Award winning American painter Audrey Francis began her artistic career with fine art studies at Syracuse University (BFA) followed by a residency at the Nantucket Island School of Design and the Arts, Massachusetts. Francis has taught painting at SUNY, New Paltz and design at Dutchess Community College. Formally trained as an illustrator, the artist’s established practice includes oil painting, collage, sculpture, and textile art. In her evocative paintings and mixed media works, Francis uses a sequence of motifs seemingly taken from deeply personal and mysterious iconography and pairs these with flat planes of color and pattern.
Early work included hyper-realistic drapery studies and nudes and a series of pictures concerned with the tradition of Latin saints. Experiments with collage evolved into neo-surrealist works depicting fantastic interiors. These paintings such as Family Court remind one of the strange worlds of painters like Neo Rausch, but with a difference. Works like Innocent take this aesthetic further in a dizzying trompe l'oeil composition. Using oil medium as well as pastel, Francis’ photo-realist effect of light and drapery creates an illuminated sculptural study of figure, fabric, and space. Conversely, flatness is a guiding principal in the collage series and the most recent paintings. In these works, negative space is paired with figural and abstract patterning in bright hues.

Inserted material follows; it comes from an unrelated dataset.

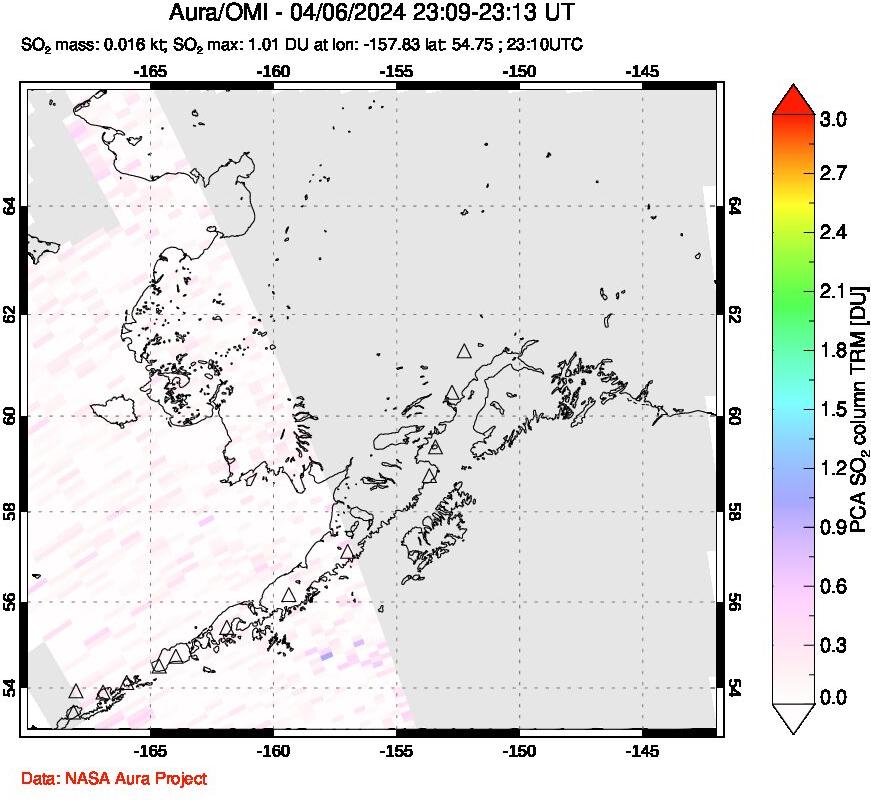 A sulfur dioxide image over Alaska, USA on Apr 06, 2024.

Conceptually, much of the artist’s work explores not only her own Latina heritage but also the gendered language of the body, reflected in the corpulent body series. These paintings challenge notions of beauty, sexuality and the idea of gaze while remaining deeply engaged in sensuality and the experience of paint.
Overall, Francis’ diverse oeuvre is distinguished throughout by an exhilarating command of color. In her most recent works, the inversion of space and the juxtaposition of realism with abstraction reveal an ever-evolving interest in experimentation seen in her 2014 painting collage Rabbit, Tricks are for kids. Francis continually reworks her technical process, building on atelier training and style, all the while exploring genres and the respective limits and potential for subversion.
Francis holds her MFA, SUNY, New Paltz and is the recipient of various awards and honors, the most recent including the Research and Creative Projects Award, SUNY, 2006; The Joan Mitchell Award Nomination, 2006 and the Barrett Art Center Award, Poughkeepsie, New York, 2001.
The artist has participated in over fifty exhibitions and her work may be found in private and corporate collections worldwide including the Canadian Imperial Bank of Commerce, New York.